## [Task details]
In the entries below, the lines from the one with "Bathroom, Dual Sink" through the one with "Navy Men Uniqlo" are to be copied exactly; both ends count.

## [Given entries]
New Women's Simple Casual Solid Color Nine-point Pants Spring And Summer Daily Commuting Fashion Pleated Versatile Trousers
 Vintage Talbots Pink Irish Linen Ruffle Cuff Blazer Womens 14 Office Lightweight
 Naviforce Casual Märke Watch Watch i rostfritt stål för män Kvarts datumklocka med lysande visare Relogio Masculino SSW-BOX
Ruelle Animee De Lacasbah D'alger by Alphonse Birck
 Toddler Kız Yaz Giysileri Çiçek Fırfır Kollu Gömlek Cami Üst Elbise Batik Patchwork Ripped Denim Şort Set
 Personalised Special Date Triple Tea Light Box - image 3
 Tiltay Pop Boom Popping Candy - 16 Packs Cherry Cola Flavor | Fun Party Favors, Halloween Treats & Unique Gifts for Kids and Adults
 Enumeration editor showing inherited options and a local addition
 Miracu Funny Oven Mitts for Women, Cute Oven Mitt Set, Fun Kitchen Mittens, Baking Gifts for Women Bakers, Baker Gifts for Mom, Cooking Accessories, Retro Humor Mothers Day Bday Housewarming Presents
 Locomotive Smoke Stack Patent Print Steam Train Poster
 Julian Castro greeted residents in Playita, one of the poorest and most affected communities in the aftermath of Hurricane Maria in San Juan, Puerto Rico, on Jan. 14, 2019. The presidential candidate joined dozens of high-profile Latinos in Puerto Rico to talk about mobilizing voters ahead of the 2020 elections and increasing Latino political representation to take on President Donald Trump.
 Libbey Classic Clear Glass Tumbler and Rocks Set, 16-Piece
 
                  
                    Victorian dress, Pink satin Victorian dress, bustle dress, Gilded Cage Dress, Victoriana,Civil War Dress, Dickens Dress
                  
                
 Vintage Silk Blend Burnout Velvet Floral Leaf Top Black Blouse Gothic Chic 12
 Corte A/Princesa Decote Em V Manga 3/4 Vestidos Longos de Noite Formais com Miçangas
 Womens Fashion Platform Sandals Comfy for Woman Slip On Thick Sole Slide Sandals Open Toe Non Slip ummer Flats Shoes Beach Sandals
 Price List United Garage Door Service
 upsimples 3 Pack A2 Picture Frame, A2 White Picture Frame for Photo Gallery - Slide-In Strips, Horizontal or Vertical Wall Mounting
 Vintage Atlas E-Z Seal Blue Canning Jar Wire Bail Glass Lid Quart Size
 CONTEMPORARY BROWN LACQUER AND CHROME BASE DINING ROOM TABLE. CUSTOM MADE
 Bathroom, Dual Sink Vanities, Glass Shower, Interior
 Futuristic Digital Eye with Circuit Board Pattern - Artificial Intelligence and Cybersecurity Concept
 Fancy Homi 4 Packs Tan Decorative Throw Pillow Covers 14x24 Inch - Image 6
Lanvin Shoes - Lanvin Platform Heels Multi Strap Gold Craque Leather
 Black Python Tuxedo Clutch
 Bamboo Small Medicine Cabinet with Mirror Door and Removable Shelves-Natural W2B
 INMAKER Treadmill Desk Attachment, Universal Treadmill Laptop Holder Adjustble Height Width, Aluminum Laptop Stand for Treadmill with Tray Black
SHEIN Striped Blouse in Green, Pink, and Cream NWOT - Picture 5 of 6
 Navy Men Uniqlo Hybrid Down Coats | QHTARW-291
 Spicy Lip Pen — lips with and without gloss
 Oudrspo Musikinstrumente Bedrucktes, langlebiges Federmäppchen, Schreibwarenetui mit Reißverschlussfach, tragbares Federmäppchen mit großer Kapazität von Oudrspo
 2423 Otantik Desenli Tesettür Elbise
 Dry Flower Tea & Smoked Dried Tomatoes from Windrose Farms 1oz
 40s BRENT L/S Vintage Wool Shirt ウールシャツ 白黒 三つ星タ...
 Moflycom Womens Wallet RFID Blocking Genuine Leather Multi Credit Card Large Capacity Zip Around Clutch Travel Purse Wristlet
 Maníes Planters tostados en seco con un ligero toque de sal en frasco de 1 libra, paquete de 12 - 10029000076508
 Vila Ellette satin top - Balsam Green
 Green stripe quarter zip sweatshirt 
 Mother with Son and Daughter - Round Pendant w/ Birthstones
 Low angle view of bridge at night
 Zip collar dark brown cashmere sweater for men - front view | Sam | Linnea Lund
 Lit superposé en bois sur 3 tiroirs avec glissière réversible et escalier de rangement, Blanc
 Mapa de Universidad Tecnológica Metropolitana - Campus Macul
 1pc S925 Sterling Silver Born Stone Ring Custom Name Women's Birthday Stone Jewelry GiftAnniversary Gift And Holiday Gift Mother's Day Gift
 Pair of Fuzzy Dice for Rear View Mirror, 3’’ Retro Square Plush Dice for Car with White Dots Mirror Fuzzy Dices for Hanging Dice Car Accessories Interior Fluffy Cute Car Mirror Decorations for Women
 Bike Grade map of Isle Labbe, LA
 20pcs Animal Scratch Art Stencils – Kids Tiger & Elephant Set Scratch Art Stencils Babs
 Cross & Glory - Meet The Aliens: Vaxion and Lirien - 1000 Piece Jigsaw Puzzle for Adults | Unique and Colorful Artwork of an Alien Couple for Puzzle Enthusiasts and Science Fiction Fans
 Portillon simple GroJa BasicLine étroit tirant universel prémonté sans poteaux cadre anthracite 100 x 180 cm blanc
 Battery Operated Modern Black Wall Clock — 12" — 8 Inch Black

## [Response area]
 Bathroom, Dual Sink Vanities, Glass Shower, Interior
 Futuristic Digital Eye with Circuit Board Pattern - Artificial Intelligence and Cybersecurity Concept
 Fancy Homi 4 Packs Tan Decorative Throw Pillow Covers 14x24 Inch - Image 6
Lanvin Shoes - Lanvin Platform Heels Multi Strap Gold Craque Leather
 Black Python Tuxedo Clutch
 Bamboo Small Medicine Cabinet with Mirror Door and Removable Shelves-Natural W2B
 INMAKER Treadmill Desk Attachment, Universal Treadmill Laptop Holder Adjustble Height Width, Aluminum Laptop Stand for Treadmill with Tray Black
SHEIN Striped Blouse in Green, Pink, and Cream NWOT - Picture 5 of 6
 Navy Men Uniqlo Hybrid Down Coats | QHTARW-291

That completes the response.